Previous Technology Interaction Experiment

To test feasibility, and to assess the speed and scalability of the parallel mechanisms, a number of random queries were formulated and retrieval was performed using a fast serial algorithm running on a Macintosh Quadra 850 with 24M of Ram and the parallel algorithm running on the parallel CM-5 with 32 processors. The queries included recognition queries of the form "find all x with properties p1, p2, ... , pn" and structure queries of the form "find all x and y... with relations r1(x,y), r2(x,y), .., rn(x,y)..." Recognition queries have a single variable while structure queries have multiple variables. For example, recognition queries included "Retrieve all FMs that belong to the Air Force, have a maintenance function, have combat air capability, and have a POD-source of `in-place'" and "Retrieve all FMs attached to the Army that have a maintenance function and are destined for Sri Lanka." Structure queries included "Find 2 ULNs from the same service with the same destination" and "Find 2 ULNs from different services with the same destination and point-of-departure modes."

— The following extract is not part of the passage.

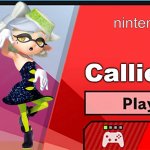 please don't chastise me for what i want | nintendo please; Callie/Marie | image tagged in character select smash | made w/ Imgflip meme maker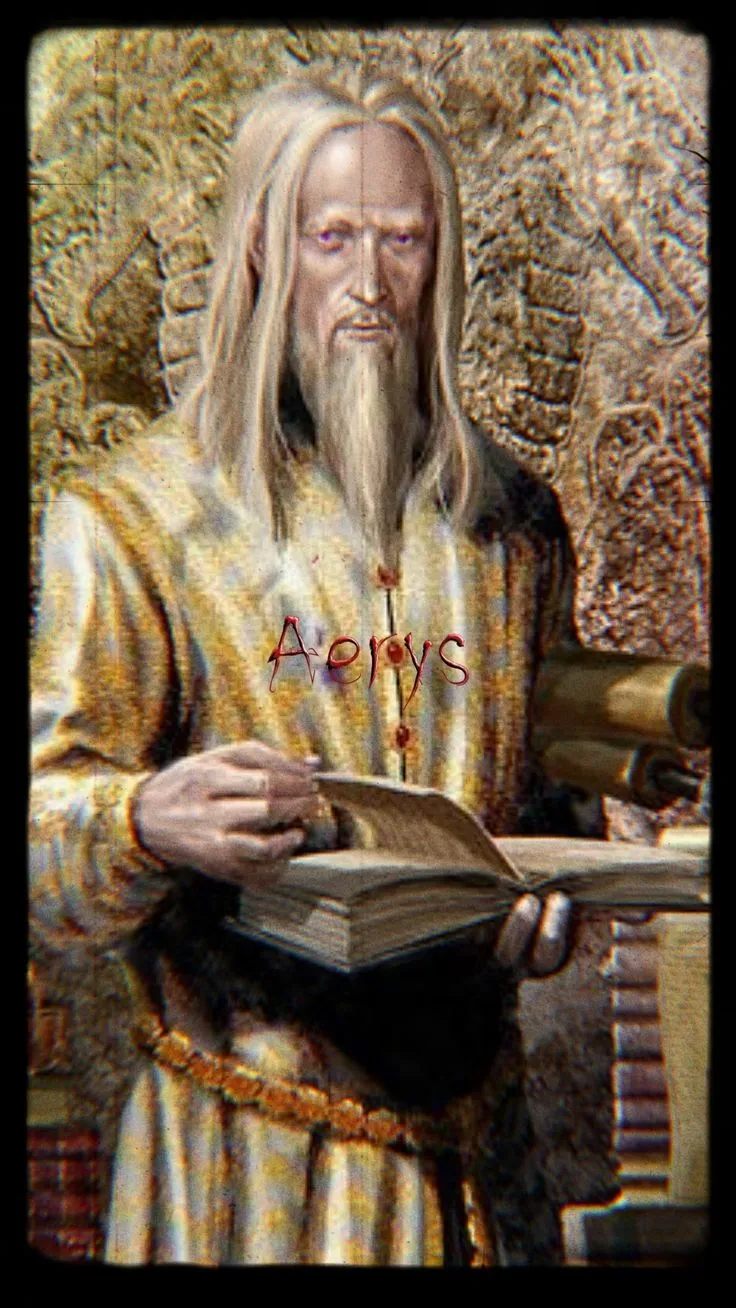 King Aerys I Targaryen, The Reader.jpeg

For the recognition queries, serial retrieval time varied from about 1 second to as much as 100 seconds. Parallel retrieval time remained below 1 second. For the structure matching queries, serial time ranged from about 90 seconds to as much as 1200 seconds (about 20 minutes). Parallel time remained under 5 seconds for all queries. These early results clearly indicated that the parallel retrieval algorithms performed well, and scales well to larger problems much better than serial algorithms. Based on these experiments, the decision was reached to expand the capabilities of the system, and to work towards a closer joining of ForMAT and CAPER.

Research Emphasis - High Performance Support for ForMAT

The testing of the parallel system revealed a number of places where performance improvements could occur. In addition, although the times of the initial experiments were encouraging, ongoing work on the knowledge representation system convinced us we could do substantially better. In particular, CAPER runs on top of a frame-based system called Parka. We have now reimplemented Parka to be able to run on a wide variety of generic supercomputers, as well as on smaller workstations and/or networks of personal computers (using an MPI protocol). The new version, running on an IBM SP2 with 16 processors, is approximately two orders of magnitude faster than the CM5 implementation. We have currently reimplemented all the CAPER functionality, especially the structure matching components, and are now reintegrating the system with the format system (see below). In the remainder of this section, we first describe experiments aimed at showing that the new version of Parka is substantially faster and more scalable than the old, thus making it more able to support the ForMAT system. In the second part, we discuss structure matching queries (the main queries needed to properly support ForMAT) and how they scale in the new implementation.

Testing recognition queries

  We have performed a number of tests on large KBs encoded in the PARKA system. The largest one we had used previously in testing the SIMD version of the system was the ontology of the CYC knowledge base developed at MCC [6]. As previously reported in [4], we encoded the ontology of version 8 of CYC into Parka. In our version, this ontology has about 32,000 frames and about 150,000 assertions relating them (property and ISA links). The biggest difference between the generated networks and CYC is that the test network had only a single property on the root, thus making all ``subgraphs'' equal to the entire KB. In CYC the ISA hierarchies under particular properties are only subnetworks of the full 32,000 frames.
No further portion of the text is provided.